Work task: Copy every line of the entries that has the string "Jacket" in it.

Data provided:
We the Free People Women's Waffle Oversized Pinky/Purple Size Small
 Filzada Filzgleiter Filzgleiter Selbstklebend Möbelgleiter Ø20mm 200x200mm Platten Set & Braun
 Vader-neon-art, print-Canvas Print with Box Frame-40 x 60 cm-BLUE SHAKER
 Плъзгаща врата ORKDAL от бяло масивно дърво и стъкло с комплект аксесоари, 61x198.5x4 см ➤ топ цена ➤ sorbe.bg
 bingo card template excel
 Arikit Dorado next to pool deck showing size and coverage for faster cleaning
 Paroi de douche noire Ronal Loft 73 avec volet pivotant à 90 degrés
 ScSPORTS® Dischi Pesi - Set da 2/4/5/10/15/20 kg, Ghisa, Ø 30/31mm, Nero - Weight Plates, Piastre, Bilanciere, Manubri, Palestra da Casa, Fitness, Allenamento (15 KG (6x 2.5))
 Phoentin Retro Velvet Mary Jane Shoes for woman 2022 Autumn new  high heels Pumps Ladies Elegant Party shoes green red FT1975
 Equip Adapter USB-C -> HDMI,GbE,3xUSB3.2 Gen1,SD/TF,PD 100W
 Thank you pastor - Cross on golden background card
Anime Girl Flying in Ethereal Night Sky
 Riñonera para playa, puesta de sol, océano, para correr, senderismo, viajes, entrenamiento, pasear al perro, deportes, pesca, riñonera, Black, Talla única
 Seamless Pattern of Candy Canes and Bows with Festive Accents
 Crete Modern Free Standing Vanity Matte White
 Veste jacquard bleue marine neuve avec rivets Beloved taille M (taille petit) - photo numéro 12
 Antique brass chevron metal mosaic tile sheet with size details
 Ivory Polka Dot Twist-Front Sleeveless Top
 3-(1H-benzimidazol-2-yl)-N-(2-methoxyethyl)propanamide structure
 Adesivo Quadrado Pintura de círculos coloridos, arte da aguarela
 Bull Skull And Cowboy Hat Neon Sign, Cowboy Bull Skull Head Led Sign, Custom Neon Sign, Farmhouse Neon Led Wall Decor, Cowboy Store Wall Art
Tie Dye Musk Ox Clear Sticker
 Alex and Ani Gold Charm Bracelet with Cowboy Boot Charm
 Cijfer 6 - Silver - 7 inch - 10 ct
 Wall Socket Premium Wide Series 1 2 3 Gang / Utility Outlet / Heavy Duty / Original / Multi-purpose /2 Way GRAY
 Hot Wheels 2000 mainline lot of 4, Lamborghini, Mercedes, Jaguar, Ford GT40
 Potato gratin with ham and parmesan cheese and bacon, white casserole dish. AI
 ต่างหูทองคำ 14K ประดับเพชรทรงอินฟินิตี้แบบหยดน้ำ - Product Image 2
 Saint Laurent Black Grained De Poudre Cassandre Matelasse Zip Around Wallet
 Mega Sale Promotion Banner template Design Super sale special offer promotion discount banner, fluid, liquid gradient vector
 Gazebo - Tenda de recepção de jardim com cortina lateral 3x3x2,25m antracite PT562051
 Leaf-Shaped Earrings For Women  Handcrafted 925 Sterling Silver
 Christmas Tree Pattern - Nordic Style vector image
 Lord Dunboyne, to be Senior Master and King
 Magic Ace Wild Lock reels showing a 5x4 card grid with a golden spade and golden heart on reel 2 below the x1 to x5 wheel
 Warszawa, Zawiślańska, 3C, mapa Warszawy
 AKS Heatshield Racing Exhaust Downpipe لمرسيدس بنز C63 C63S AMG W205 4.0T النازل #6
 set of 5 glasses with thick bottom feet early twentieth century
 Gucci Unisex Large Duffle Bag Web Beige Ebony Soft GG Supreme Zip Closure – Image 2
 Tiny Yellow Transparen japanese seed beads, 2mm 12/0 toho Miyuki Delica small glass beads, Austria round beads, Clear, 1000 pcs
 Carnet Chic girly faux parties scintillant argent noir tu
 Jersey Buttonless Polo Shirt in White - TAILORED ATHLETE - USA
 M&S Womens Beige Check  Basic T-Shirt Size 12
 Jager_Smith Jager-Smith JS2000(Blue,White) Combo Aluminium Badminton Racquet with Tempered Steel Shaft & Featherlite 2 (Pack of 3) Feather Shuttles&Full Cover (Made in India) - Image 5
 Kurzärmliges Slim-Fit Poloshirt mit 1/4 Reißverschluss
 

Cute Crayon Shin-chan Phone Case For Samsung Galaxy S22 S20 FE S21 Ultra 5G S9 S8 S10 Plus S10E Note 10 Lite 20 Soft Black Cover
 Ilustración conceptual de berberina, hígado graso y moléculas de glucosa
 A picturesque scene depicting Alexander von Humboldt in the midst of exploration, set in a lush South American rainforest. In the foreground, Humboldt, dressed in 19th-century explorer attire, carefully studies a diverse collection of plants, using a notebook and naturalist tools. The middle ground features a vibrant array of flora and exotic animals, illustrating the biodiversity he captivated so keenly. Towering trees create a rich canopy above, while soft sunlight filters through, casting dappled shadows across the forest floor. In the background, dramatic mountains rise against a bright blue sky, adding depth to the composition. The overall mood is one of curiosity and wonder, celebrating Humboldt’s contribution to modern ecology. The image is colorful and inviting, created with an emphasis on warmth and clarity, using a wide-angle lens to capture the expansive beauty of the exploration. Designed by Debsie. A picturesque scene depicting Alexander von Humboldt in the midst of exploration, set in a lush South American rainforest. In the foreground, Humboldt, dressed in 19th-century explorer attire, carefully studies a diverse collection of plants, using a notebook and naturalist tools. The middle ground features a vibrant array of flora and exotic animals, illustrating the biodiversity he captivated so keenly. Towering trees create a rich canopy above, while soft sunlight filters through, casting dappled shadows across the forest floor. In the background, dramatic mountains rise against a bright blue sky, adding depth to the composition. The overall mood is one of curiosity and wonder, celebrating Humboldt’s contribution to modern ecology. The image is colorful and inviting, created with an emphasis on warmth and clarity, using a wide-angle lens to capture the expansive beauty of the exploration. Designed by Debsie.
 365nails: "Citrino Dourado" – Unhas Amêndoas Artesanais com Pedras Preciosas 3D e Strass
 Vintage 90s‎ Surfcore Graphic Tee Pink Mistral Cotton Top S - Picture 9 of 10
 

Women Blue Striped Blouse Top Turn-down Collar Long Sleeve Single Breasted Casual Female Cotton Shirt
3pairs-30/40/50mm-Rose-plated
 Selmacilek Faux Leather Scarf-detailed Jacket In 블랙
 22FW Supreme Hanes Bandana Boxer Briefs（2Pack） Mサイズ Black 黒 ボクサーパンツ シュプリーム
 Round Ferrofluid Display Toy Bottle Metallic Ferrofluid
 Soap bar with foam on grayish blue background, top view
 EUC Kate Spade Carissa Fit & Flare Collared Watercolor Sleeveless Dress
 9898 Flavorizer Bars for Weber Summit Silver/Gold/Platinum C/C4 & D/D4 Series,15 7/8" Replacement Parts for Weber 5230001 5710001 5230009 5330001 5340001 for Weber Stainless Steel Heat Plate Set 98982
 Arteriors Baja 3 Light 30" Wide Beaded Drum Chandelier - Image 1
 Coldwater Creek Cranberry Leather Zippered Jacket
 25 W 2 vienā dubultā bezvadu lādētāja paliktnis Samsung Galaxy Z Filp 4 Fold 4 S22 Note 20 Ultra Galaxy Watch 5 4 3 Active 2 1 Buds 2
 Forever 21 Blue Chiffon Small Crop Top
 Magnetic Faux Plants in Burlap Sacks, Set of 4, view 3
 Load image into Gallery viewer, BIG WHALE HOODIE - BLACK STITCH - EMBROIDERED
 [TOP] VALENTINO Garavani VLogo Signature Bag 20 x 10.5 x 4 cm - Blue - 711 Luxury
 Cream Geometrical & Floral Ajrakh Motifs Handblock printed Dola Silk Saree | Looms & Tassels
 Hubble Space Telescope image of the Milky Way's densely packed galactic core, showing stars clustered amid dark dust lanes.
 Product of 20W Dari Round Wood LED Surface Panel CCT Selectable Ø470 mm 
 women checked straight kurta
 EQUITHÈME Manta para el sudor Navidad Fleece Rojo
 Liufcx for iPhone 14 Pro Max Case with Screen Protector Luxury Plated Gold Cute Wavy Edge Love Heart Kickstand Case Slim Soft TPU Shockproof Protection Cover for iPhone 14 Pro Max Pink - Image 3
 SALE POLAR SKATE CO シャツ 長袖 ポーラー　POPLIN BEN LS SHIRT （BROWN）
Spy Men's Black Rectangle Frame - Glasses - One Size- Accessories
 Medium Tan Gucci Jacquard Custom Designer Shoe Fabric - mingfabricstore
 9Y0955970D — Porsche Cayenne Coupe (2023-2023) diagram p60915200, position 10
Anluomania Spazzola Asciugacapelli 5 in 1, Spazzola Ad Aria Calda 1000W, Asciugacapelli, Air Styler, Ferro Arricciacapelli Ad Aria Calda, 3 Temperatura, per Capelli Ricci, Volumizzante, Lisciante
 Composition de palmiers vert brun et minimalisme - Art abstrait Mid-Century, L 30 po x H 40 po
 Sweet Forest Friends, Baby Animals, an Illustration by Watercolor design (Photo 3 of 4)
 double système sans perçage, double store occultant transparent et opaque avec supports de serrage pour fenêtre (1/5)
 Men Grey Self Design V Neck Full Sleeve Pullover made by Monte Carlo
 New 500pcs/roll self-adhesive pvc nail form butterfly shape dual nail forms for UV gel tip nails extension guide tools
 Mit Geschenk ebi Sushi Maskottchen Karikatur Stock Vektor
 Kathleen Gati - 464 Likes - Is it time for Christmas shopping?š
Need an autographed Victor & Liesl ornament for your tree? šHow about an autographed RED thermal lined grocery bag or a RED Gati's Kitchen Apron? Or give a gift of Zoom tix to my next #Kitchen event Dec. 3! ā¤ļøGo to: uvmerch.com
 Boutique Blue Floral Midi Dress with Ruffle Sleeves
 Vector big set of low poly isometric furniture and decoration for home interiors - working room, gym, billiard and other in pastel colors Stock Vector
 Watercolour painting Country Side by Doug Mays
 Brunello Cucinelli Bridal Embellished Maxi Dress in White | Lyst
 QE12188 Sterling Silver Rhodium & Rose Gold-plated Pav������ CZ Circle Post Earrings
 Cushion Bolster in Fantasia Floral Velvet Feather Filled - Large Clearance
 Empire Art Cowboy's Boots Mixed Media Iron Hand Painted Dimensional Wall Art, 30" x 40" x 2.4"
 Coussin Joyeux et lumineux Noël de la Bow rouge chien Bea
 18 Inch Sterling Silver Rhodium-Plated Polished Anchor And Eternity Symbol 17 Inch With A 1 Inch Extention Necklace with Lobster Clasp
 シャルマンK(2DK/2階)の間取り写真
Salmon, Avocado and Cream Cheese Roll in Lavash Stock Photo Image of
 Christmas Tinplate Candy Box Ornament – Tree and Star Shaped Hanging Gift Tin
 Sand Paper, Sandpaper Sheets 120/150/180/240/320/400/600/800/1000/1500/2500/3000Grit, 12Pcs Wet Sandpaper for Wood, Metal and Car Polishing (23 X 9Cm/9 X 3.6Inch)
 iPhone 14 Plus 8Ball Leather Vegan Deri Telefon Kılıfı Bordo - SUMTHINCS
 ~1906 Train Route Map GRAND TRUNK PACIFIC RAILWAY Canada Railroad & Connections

Result for this task:
 Selmacilek Faux Leather Scarf-detailed Jacket In 블랙
 Coldwater Creek Cranberry Leather Zippered Jacket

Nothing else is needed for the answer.